## What the exercise asks
Your answer should be the lines below from the one holding "Engine bonnet/hood lock trim molding" through the one holding "Electric Bicycle Display", copied exactly and with nothing else.

*** Opening of Extracted records ***

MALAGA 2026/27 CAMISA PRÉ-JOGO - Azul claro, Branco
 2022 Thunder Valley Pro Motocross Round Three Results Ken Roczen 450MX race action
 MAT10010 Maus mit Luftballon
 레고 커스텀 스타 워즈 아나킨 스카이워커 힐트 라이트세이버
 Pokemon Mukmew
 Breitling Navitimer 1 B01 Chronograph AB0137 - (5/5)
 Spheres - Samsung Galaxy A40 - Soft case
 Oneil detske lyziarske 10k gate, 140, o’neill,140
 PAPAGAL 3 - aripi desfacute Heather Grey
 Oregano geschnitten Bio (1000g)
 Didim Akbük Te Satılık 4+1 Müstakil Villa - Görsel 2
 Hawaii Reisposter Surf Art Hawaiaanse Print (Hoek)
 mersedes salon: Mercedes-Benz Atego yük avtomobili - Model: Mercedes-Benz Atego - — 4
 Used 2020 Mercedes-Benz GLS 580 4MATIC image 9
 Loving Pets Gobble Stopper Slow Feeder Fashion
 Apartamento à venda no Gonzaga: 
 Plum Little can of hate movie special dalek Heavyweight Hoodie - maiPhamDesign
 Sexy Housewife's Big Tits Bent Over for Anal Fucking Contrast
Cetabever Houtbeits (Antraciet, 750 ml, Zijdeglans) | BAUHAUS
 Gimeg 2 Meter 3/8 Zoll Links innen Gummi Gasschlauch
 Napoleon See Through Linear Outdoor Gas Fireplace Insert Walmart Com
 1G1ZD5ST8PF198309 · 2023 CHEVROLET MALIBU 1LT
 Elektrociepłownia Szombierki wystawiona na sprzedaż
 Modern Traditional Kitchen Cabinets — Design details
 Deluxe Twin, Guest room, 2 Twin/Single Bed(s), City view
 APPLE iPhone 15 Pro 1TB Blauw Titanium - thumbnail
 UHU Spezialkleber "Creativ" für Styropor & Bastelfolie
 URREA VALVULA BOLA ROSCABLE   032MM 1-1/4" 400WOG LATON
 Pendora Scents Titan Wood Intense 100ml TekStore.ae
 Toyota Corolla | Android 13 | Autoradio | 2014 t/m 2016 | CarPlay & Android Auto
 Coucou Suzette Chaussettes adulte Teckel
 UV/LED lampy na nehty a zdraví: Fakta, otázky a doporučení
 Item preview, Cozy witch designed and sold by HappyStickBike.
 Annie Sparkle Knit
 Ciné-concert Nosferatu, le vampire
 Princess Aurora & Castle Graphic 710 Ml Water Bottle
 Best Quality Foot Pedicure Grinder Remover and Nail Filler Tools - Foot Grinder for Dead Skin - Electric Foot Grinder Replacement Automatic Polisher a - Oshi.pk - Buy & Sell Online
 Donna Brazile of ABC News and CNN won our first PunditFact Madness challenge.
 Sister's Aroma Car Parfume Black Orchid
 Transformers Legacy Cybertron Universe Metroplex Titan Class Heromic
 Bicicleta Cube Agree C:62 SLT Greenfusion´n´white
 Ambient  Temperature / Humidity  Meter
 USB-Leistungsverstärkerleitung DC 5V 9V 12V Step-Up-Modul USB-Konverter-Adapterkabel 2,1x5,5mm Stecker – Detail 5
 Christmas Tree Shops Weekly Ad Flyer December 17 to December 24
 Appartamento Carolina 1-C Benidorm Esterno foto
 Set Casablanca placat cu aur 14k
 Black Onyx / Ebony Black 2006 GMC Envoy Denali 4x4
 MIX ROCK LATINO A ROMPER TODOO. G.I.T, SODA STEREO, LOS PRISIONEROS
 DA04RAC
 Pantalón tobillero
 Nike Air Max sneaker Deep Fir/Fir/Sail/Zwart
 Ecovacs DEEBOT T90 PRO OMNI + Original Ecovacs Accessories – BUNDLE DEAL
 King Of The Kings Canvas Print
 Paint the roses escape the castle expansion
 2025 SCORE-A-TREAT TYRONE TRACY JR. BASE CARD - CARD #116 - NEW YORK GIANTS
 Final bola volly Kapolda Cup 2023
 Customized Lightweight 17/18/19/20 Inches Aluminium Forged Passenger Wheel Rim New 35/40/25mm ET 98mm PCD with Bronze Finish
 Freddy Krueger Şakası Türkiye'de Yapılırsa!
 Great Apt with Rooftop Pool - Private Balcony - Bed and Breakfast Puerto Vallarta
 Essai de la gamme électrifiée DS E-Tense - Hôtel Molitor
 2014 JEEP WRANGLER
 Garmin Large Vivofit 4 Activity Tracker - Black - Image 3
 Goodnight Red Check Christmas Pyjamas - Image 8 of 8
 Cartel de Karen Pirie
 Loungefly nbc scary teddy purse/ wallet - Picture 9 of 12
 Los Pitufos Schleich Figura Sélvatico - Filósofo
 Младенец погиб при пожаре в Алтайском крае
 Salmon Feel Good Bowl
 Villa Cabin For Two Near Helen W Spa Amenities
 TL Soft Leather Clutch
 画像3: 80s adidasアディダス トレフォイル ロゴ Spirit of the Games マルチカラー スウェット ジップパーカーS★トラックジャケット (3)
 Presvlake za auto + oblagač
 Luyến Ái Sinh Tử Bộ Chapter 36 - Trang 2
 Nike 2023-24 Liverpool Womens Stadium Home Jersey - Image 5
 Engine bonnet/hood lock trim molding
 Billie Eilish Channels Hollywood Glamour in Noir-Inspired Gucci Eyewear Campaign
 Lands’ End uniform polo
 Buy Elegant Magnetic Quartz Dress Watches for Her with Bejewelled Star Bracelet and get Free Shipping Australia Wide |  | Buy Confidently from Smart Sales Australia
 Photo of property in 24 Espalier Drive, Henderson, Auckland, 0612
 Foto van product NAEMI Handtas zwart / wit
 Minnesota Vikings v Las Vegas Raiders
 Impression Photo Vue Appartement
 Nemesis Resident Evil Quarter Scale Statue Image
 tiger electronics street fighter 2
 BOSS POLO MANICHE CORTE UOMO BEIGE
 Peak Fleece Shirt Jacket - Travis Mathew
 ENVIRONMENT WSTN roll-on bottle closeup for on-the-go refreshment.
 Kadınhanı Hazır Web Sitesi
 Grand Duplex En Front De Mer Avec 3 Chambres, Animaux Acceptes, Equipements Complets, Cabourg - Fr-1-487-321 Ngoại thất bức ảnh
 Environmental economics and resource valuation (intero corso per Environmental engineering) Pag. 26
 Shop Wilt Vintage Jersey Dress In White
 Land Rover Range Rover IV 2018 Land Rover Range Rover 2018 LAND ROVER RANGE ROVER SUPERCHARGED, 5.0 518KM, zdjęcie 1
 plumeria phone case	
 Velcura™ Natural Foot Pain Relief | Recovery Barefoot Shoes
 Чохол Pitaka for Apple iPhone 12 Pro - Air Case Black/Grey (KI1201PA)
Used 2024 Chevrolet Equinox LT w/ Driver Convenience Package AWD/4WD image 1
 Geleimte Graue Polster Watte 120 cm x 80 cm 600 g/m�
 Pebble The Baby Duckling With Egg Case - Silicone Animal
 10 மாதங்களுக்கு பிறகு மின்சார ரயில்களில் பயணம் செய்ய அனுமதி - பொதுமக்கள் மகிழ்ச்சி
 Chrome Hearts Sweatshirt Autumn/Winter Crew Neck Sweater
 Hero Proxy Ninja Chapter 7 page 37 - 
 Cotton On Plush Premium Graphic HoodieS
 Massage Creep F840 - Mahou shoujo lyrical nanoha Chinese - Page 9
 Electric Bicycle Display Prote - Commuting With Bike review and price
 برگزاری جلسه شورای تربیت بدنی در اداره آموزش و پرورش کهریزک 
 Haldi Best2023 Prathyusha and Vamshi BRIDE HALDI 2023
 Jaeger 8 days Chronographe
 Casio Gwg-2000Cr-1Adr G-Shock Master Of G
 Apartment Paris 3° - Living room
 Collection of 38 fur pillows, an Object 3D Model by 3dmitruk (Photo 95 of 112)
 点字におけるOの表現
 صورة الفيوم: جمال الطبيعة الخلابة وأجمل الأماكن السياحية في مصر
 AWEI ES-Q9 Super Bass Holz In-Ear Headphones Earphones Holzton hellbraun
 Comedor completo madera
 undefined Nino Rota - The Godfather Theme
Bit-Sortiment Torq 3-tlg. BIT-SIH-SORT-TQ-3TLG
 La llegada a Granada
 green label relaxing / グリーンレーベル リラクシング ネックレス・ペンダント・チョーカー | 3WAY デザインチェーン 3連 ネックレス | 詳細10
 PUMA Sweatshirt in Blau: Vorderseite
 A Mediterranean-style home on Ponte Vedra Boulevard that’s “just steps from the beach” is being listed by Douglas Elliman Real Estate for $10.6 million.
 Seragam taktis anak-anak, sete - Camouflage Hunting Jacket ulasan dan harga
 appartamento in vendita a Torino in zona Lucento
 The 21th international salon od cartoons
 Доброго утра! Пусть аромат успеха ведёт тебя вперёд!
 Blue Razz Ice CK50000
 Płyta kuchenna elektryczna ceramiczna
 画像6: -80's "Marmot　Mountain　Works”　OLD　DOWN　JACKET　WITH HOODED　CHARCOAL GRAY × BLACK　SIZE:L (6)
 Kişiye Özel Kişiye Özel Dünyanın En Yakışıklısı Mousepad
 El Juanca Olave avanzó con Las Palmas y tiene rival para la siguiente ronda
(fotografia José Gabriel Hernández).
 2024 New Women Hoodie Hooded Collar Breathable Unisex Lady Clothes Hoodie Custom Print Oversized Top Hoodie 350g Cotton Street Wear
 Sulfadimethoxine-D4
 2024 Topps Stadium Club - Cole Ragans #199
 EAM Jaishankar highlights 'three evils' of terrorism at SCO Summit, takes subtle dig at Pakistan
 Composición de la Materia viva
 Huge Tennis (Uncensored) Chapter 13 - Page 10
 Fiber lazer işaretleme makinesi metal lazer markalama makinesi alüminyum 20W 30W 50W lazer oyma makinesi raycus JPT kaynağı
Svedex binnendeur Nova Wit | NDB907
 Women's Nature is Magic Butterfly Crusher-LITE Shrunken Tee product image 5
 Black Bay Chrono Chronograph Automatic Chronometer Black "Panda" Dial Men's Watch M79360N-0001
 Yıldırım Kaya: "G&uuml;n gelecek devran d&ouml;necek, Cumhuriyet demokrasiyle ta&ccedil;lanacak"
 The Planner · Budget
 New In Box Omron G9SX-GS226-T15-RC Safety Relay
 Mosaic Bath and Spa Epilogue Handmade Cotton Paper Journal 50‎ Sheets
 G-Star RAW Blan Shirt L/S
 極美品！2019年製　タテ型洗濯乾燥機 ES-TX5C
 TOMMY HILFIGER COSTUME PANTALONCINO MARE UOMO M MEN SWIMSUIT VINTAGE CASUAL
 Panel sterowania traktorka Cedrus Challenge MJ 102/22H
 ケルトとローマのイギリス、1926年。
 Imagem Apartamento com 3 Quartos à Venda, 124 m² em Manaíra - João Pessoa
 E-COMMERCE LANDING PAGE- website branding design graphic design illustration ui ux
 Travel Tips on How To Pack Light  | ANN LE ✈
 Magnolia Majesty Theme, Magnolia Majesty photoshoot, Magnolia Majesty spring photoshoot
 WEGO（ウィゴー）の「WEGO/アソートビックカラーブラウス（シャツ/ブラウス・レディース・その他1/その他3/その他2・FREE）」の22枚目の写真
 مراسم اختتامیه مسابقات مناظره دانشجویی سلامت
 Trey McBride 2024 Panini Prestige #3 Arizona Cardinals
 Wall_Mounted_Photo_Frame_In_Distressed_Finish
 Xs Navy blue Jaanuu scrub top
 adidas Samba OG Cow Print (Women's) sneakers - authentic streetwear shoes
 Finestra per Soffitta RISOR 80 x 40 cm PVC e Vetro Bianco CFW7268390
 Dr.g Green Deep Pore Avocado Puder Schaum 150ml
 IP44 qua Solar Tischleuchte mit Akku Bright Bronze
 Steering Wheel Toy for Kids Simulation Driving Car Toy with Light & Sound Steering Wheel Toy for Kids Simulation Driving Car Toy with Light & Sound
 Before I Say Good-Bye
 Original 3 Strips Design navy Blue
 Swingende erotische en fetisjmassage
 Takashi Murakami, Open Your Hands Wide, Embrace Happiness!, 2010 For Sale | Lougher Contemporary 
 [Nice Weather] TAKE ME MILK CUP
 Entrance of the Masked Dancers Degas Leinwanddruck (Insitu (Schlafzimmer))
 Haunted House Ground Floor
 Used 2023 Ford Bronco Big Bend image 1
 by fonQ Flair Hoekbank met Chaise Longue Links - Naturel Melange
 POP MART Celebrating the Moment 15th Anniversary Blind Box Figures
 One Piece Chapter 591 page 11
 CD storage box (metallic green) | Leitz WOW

*** Close of Extracted records ***

## Response to the task
 Engine bonnet/hood lock trim molding
 Billie Eilish Channels Hollywood Glamour in Noir-Inspired Gucci Eyewear Campaign
 Lands’ End uniform polo
 Buy Elegant Magnetic Quartz Dress Watches for Her with Bejewelled Star Bracelet and get Free Shipping Australia Wide |  | Buy Confidently from Smart Sales Australia
 Photo of property in 24 Espalier Drive, Henderson, Auckland, 0612
 Foto van product NAEMI Handtas zwart / wit
 Minnesota Vikings v Las Vegas Raiders
 Impression Photo Vue Appartement
 Nemesis Resident Evil Quarter Scale Statue Image
 tiger electronics street fighter 2
 BOSS POLO MANICHE CORTE UOMO BEIGE
 Peak Fleece Shirt Jacket - Travis Mathew
 ENVIRONMENT WSTN roll-on bottle closeup for on-the-go refreshment.
 Kadınhanı Hazır Web Sitesi
 Grand Duplex En Front De Mer Avec 3 Chambres, Animaux Acceptes, Equipements Complets, Cabourg - Fr-1-487-321 Ngoại thất bức ảnh
 Environmental economics and resource valuation (intero corso per Environmental engineering) Pag. 26
 Shop Wilt Vintage Jersey Dress In White
 Land Rover Range Rover IV 2018 Land Rover Range Rover 2018 LAND ROVER RANGE ROVER SUPERCHARGED, 5.0 518KM, zdjęcie 1
 plumeria phone case	
 Velcura™ Natural Foot Pain Relief | Recovery Barefoot Shoes
 Чохол Pitaka for Apple iPhone 12 Pro - Air Case Black/Grey (KI1201PA)
Used 2024 Chevrolet Equinox LT w/ Driver Convenience Package AWD/4WD image 1
 Geleimte Graue Polster Watte 120 cm x 80 cm 600 g/m�
 Pebble The Baby Duckling With Egg Case - Silicone Animal
 10 மாதங்களுக்கு பிறகு மின்சார ரயில்களில் பயணம் செய்ய அனுமதி - பொதுமக்கள் மகிழ்ச்சி
 Chrome Hearts Sweatshirt Autumn/Winter Crew Neck Sweater
 Hero Proxy Ninja Chapter 7 page 37 - 
 Cotton On Plush Premium Graphic HoodieS
 Massage Creep F840 - Mahou shoujo lyrical nanoha Chinese - Page 9
 Electric Bicycle Display Prote - Commuting With Bike review and price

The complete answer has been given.